Russia’s Federal Antimonopoly Service (FAS) is set to broaden its oversight of the country’s largest financial institutions, a report cited a source close to the government said. The publication, News, notes that new measures are under consideration as part of a broader regulatory push to curb potential market power among key players within the financial sector.
The drafted law, which has received approval from a government commission, would require major market participants, whose asset holdings exceed thresholds determined by the state and the Central Bank, to obtain FAS clearance before engaging in the purchase of shares or assets from any rival, regardless of the rival’s size. This expansion marks a significant tightening of the consent process and aims to ensure closer scrutiny of acquisitions that could reshape the competitive landscape.
Under current rules, FAS pre-approval is triggered only when the entity being acquired has assets above specific benchmarks: banks must meet or surpass 29 billion rubles, leasing firms 8 billion rubles, microfinance companies 3 billion rubles, and insurance organizations 200 million rubles. The proposed framework would shift these thresholds toward a broader, more proactive role for antitrust oversight across various segments of the financial market.

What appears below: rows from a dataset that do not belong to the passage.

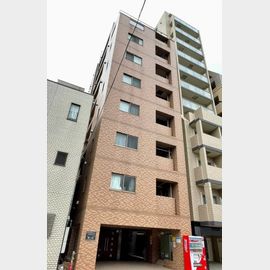 蔵前駅より徒歩5分 9階 築19年11ヶ月の賃貸物件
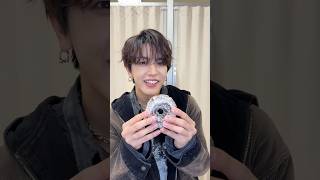 Presentいただきます????#INI_THE_WINTER_MAGIC #INI_Present #ウィンマジ #INI #髙塚大夢 #HIROMU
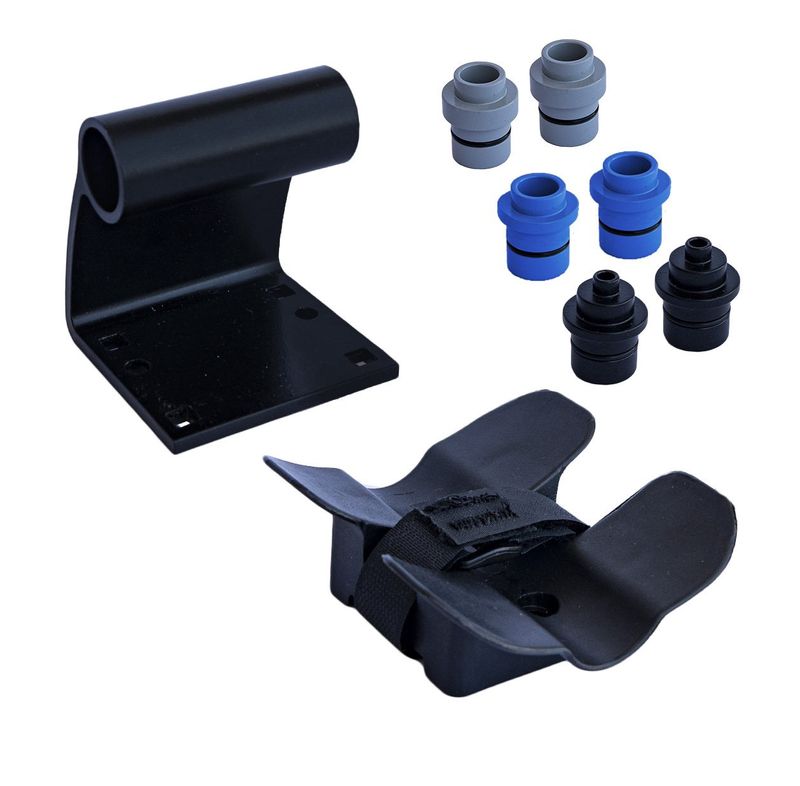 HOLDFAST UPRIGHT BICYCLE HOLDER-ALL-IN-ONE(220415)
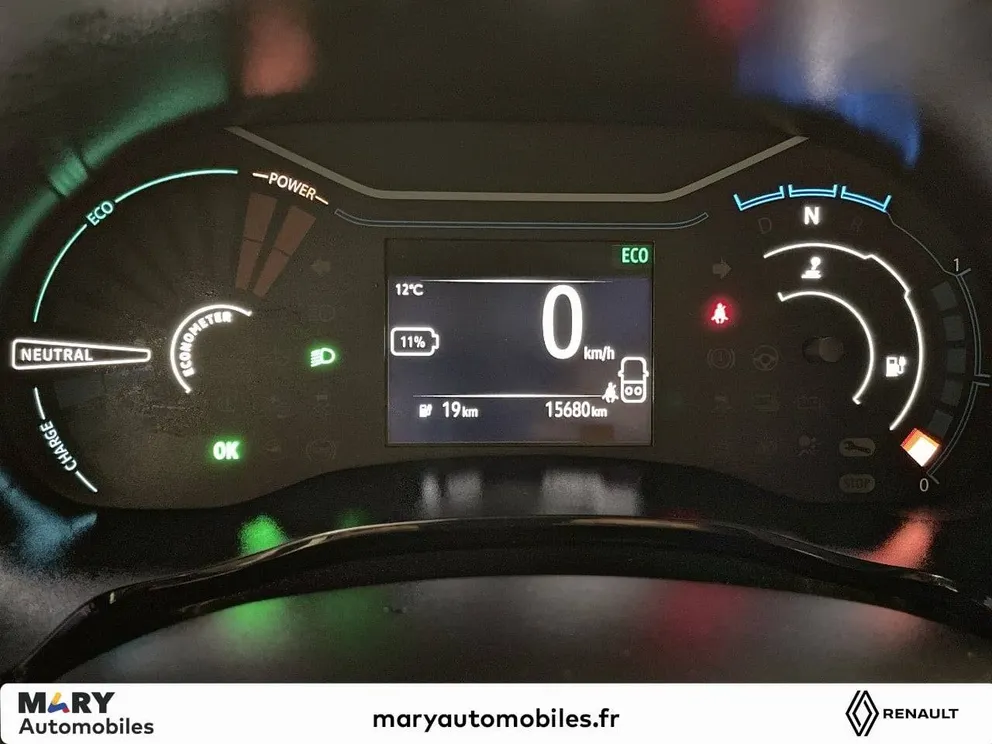 Véhicule occasion 216010 - dacia SPRING - Photo 15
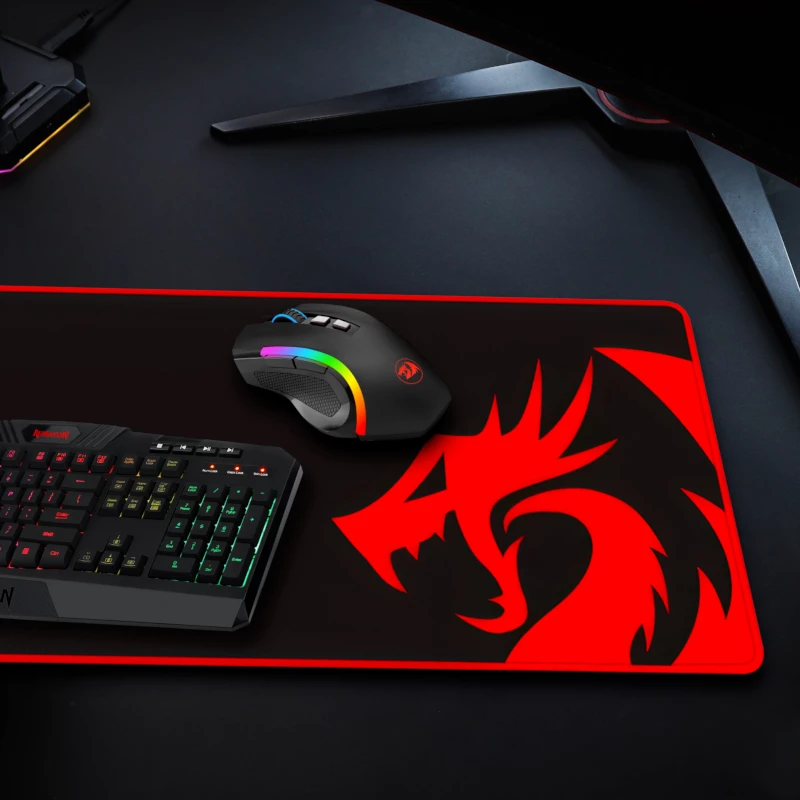 REDRAGON KUNLUN L spēļu paliktnis 880x420x4mm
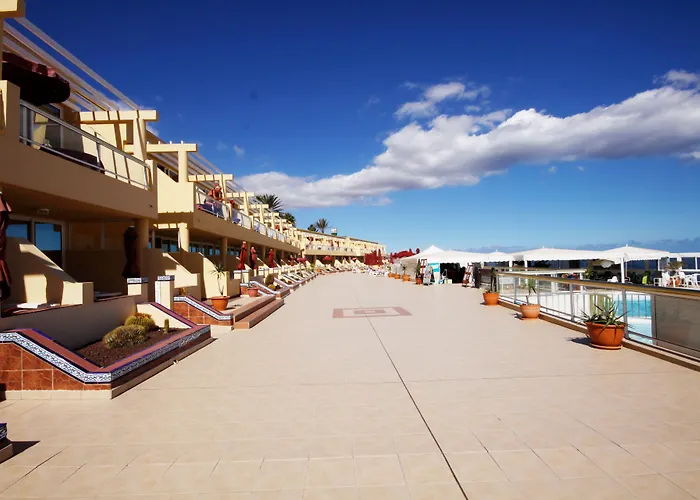 Hotel apartamentowy Atlantic Club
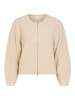 Vila Strickjacke in Birch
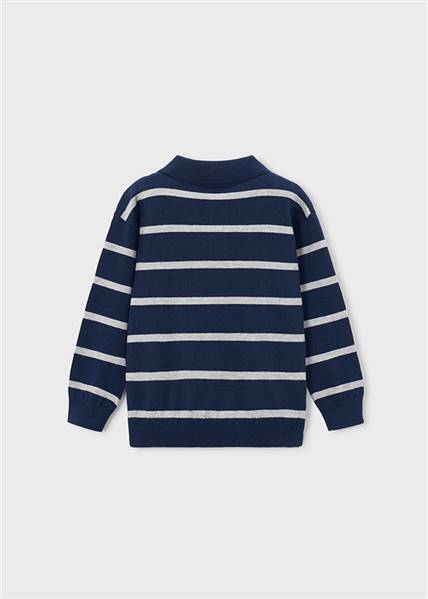 POLO M/L TRICOT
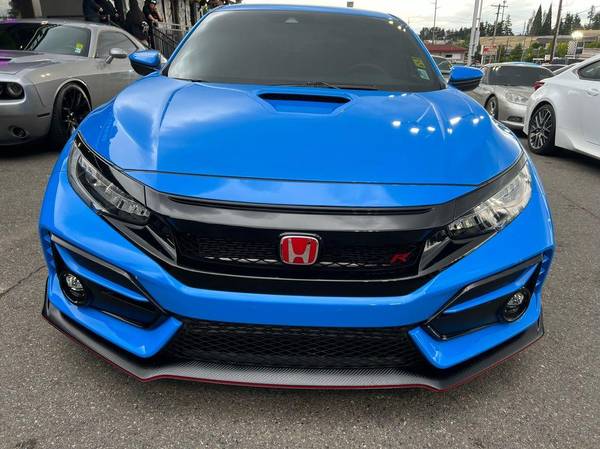 2021 Honda Civic Type R Touring - $42,999 (+ Sports Cars International - Lynnwood)63617358650115123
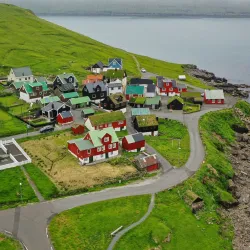 Elduvik Village - Elduvik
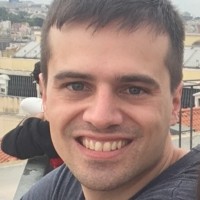 Unity Technologies Employee Benoit Alain's profile photo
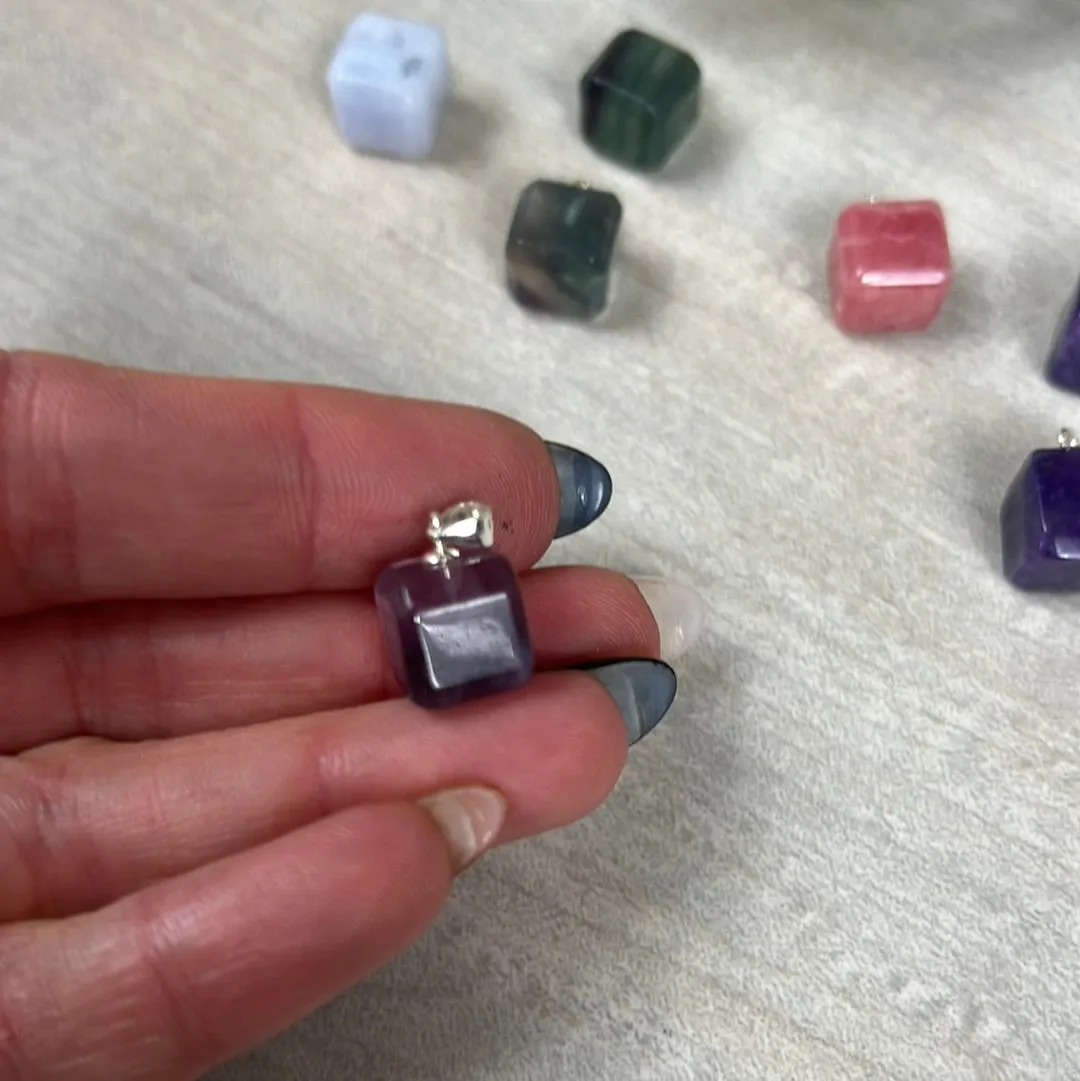 Cube Charm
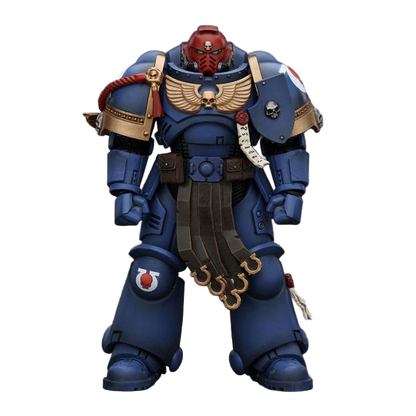 Warhammer 40k Action Figure 1/18 Uitramarines Sergeant Gadriel 13 cm - Joy Toy Action Figures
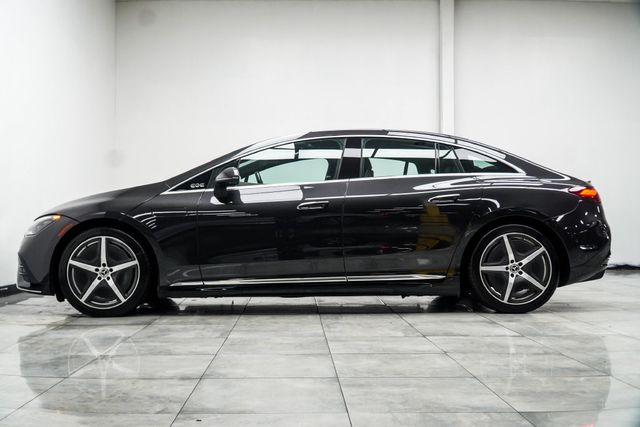 2023 Mercedes-Benz EQE EQE 350 4MATIC+ Sedan - 23078191 - 11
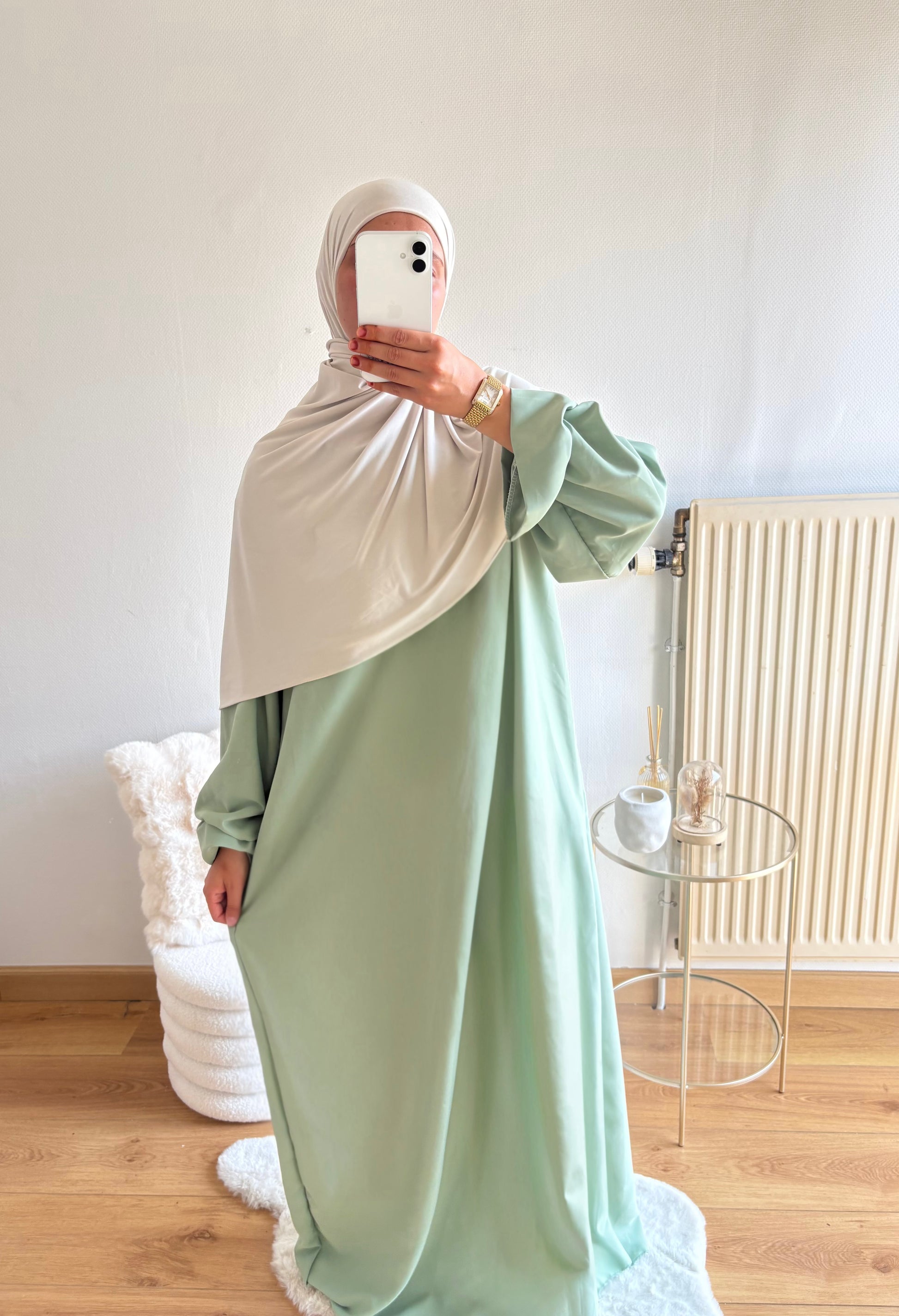 Abaya Sina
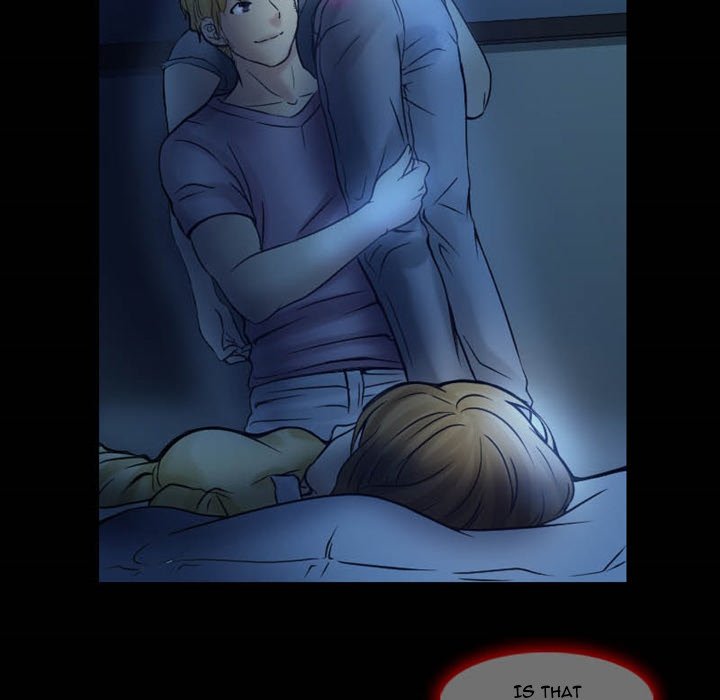 Silhouette Chapter 3 - Page 27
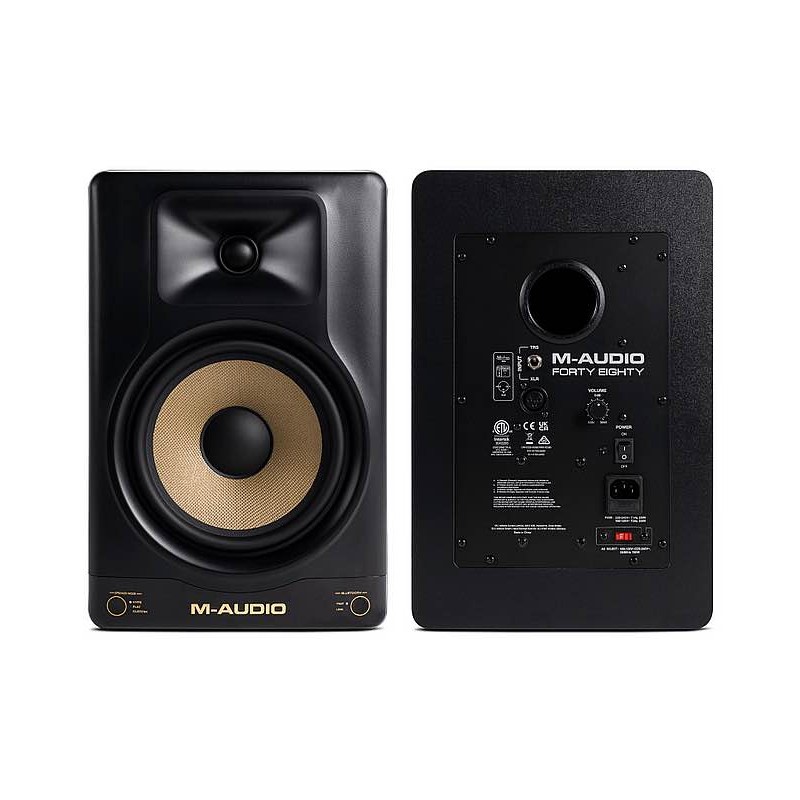 M-Audio Forty Eighty  promo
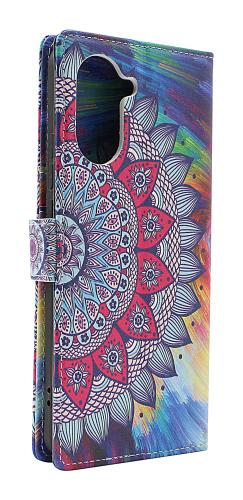 Skimblocker OnePlus Nord CE5 (CPH2719) Plånboksfodral Design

In related enforcement history, the FAS previously imposed a 700 thousand ruble penalty on FC Otkritie Bank for advertising that was deemed inappropriate in context. This illustrates the agency’s willingness to sanction missteps in promotional activities alongside its market-structuring duties.
Additionally, the agency has, in the past, identified criteria for assessing unreasonable price increases. This focus reflects a continued emphasis on maintaining fair pricing dynamics within the sector and preventing practices that could harm consumers or distort competition.